Well, I only have to endure the word for a few more days, thankfully. But please, for my sake, stop saying it. Just stick to the PC term "Happy Holidays", or say "Merry Christmas" 'cause that's what I'm celebratin'.

Peace

Monday, December 19, 2005

Back to the grindstone...

It's both comforting and slightly disturbing when you can take a 2 week vacation from work and come back only find everything is exactly the same as when you left it. I don't know why I expected any change, 'cause usually if there's ever any change in the office I'm the one to blame. But I discovered today something worse than going 3 years without a REAL vacation, it's that first day BACK from vacation. It's so hard to work today, I wanna be outside, I wanna take the train to the beach, I wanna drive down to Fort Point or have some chowder at the wharf. Well, at least I get 3 extra days off next week for Christmas and New Years, maybe I'll satisfy my fix enough then to last me until my next vacation.

I wish I could say that my vacation was totally relaxing, but honestly it wasn't. Despite any goals I might have set to get some rest and do nothing for 2 weeks, "life" always seemed to step in and give me something new to deal with each day. I guess I should be thankful for the "Jon Time" that I was allotted, but I really needed more than I was able to squander out of those 2 weeks. There's no doubt I'll be a little reserved and detached for the next few days as I put some finishing touches on some of the projects that I should have finished, but it's something that must be done.

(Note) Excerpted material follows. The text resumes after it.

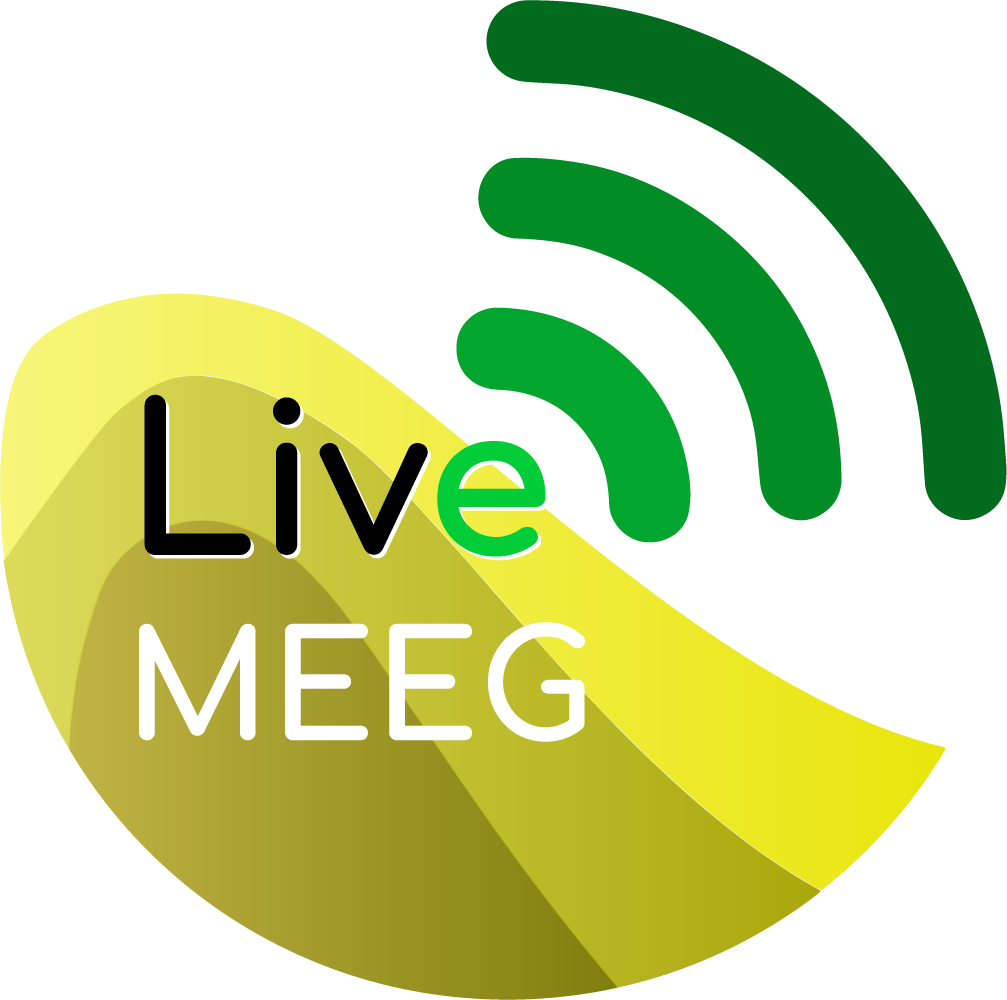 LiveMEEG: Good Scientific Practices for EEG and MEG research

Tonight's my last final, no big whoop, just gotta show my portfolio in my drawing class. Should go well, I got kinda lazy towards the end of the semester and my teacher noticed, but I still got enough work done so hopefully I'll get at least a B in the class...as if a grade in an Art class really matters anyway.

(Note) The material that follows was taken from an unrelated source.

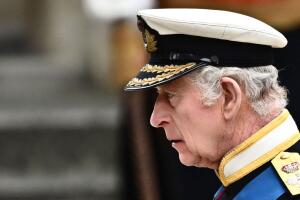 BRITAIN-ROYALS-QUEEN-DEATH-FUNERAL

OK, I'm going to try and work now. Don't wish me luck, I don't need the distraction.

Tuesday, December 6, 2005

Dear creepy Scientologist...

I'm not "stressed", I'm not "looking pretty dark there" and I've never "contemplated suicide" like you have, although I'll admit you really should have spared us. So stop trying to work an angle with me thinking your Jedi scientologist mind tricks are actually going to work. Good luck with your self-indulgent, science fictionitive, anti-depressant reliance life. Your repulsed acquaintance, Jon B.

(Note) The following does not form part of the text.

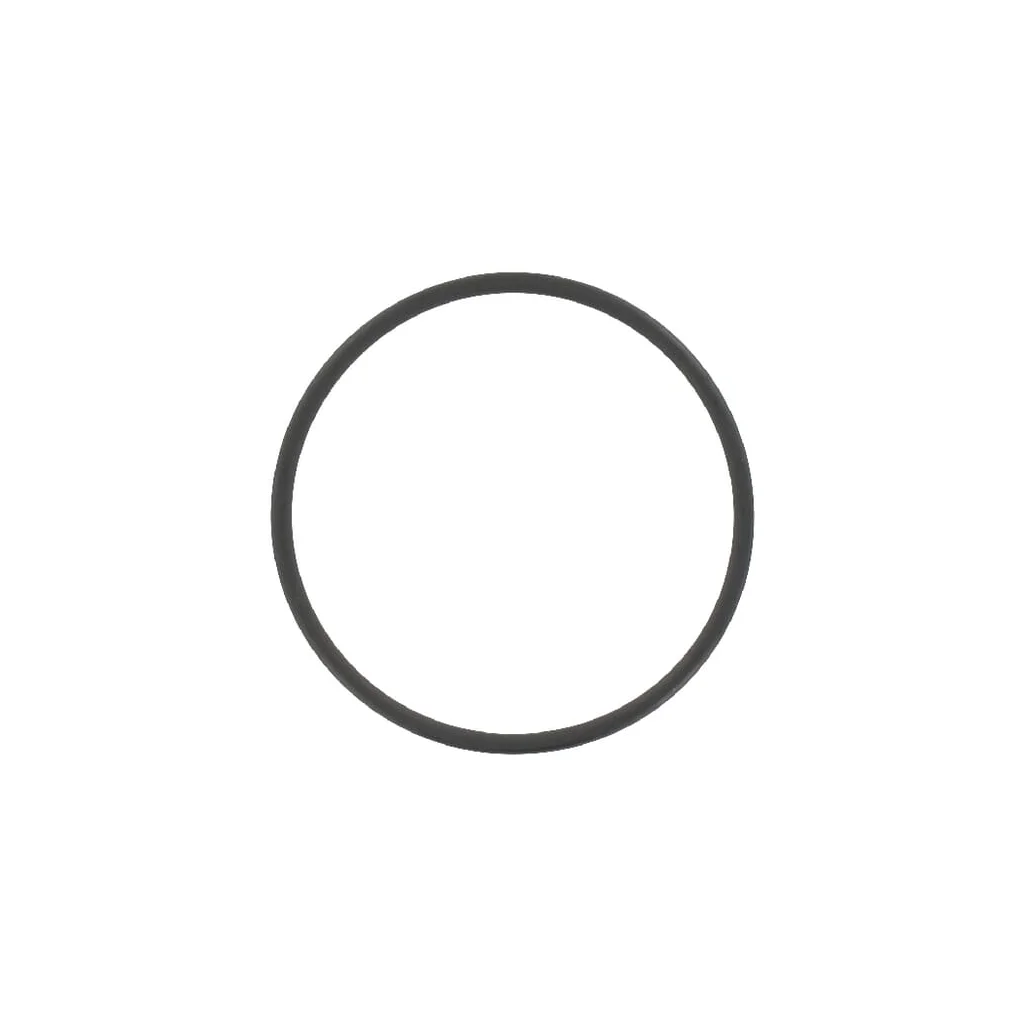 O-ring 52,07x2,62mm 70 shore negru Battioni Pagani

Need some background on the matter? I was sitting in the hallway at school waiting for my Art class teacher to show up when this bearded, middle aged, tapered jeans wearing dude walked past me saying "You look really stressed! Yep, lookin' pretty dark there." I thought, who the hell is this guy? Then a couple minutes later I was still sitting in the same spot when he came out of his classroom and said "Yeah...you know, I contemplated suicide once, but decided it wasn't worth it." To which I replied, "Ha ha, well, I'm not quite there yet buddy, but death is overrated anyway." He looked at me, puzzled and probably without a way to approach me for a Scientologist "stress clearing". Which leads me to wonder, why do child molesters start fake churches?